== Aim of the exercise ==
Which lines run from the one containing "GAP Boys Beige Self Design Pullover Sweater" through the end of the data? Write them out exactly, with the pictures left out.

== Image-caption web data ==
========================================

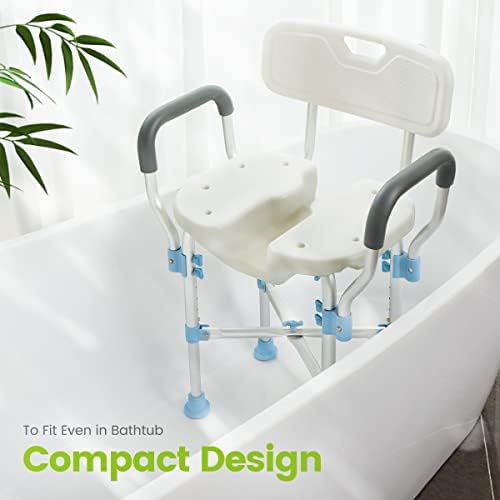 כיסא מקלחת עם משענות יד וגב 300 פאונד, כיסא התאוששות תומך באמבטיה ללא החלקה ומושב מקלחת משודרג בצורת פרסה לקשישים,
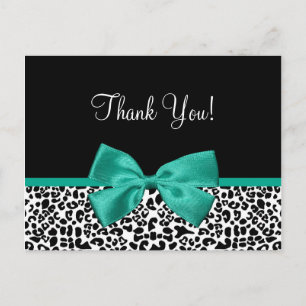 Bedankt Modern Leopard Emerald Green Ribbon Briefkaart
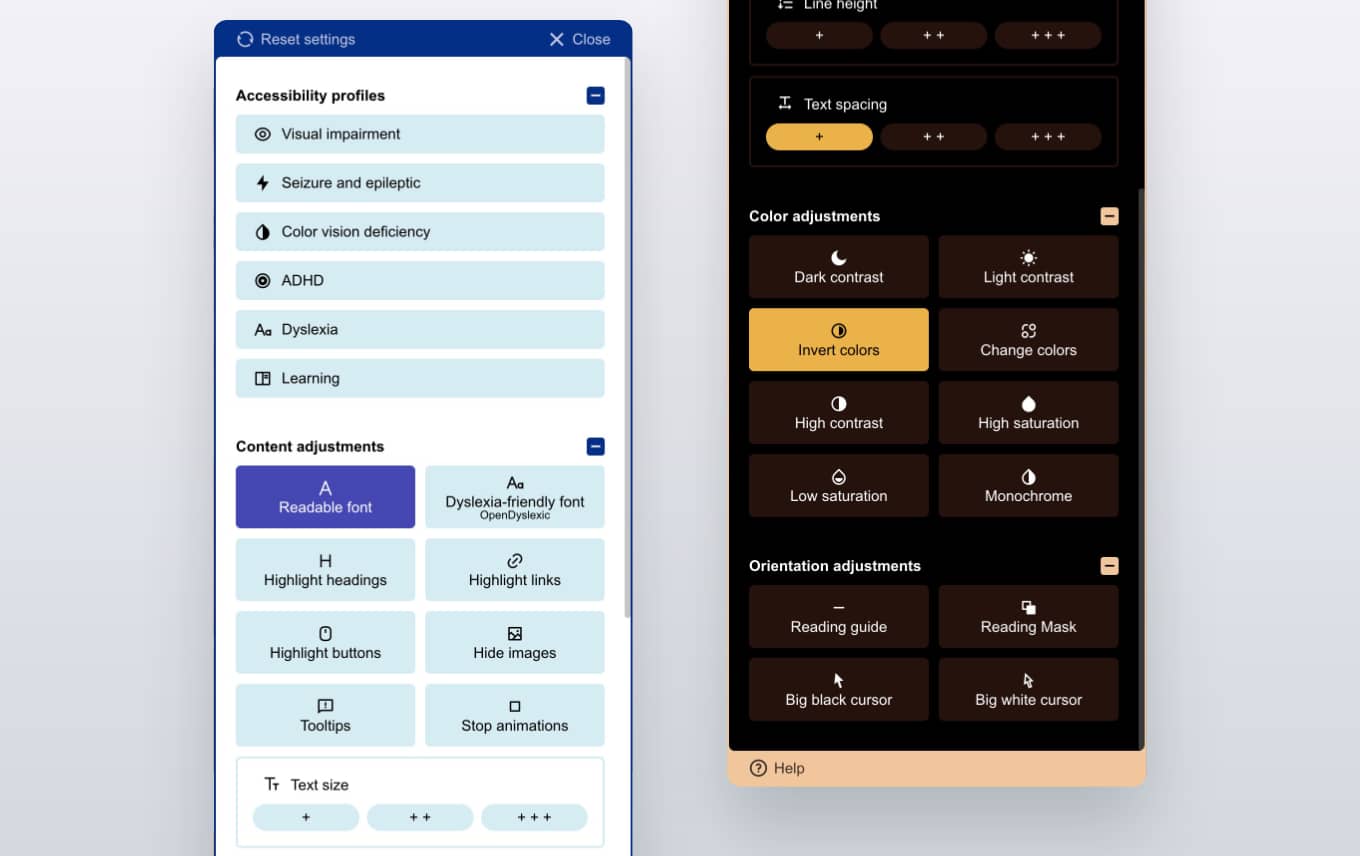 Built-in web accessibility widget for Moodle
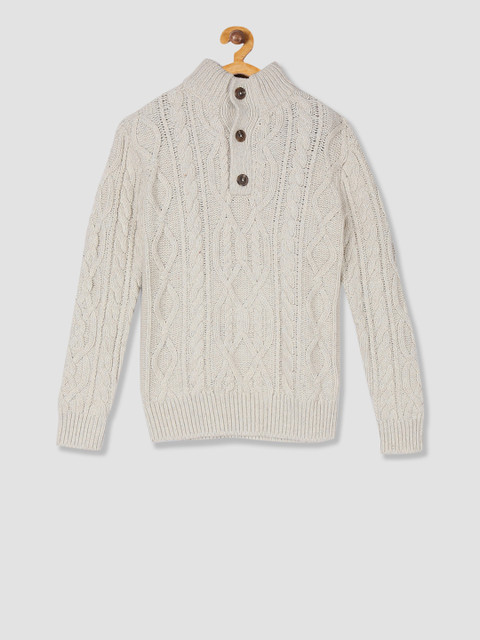 

GAP Boys Beige Self Design Pullover Sweater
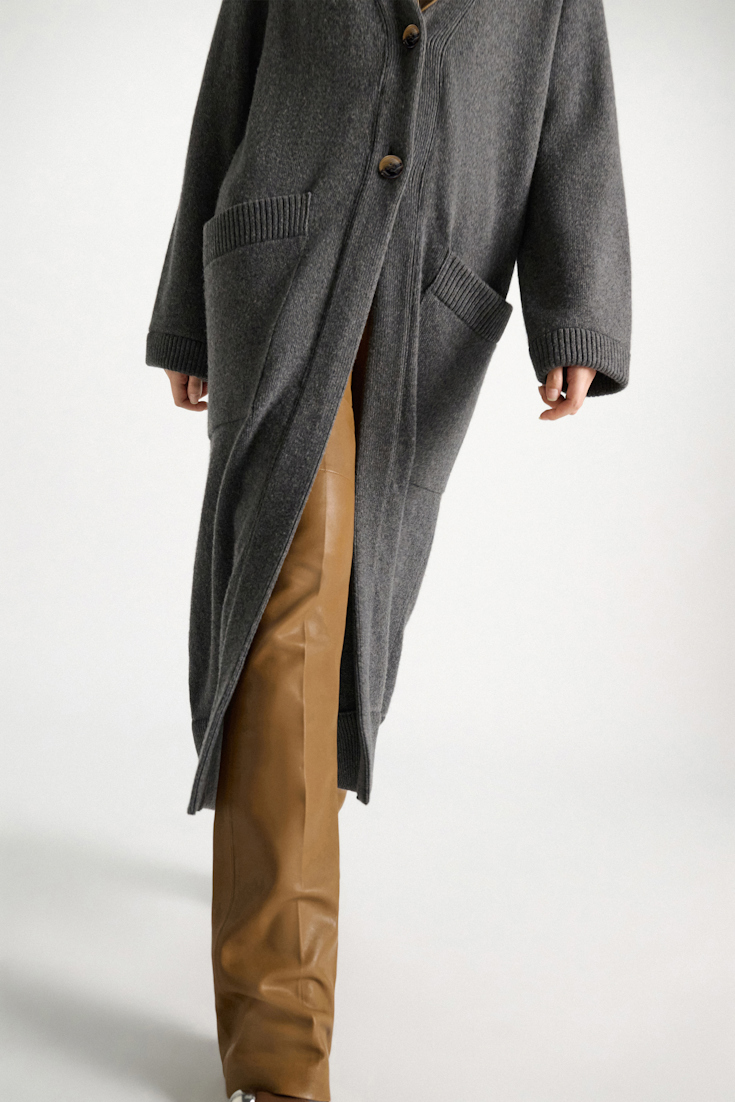 Dorothee Schumacher Merino-cashmere coat with leather details anthra melange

========================================

== Answer space ==
GAP Boys Beige Self Design Pullover Sweater
 Dorothee Schumacher Merino-cashmere coat with leather details anthra melange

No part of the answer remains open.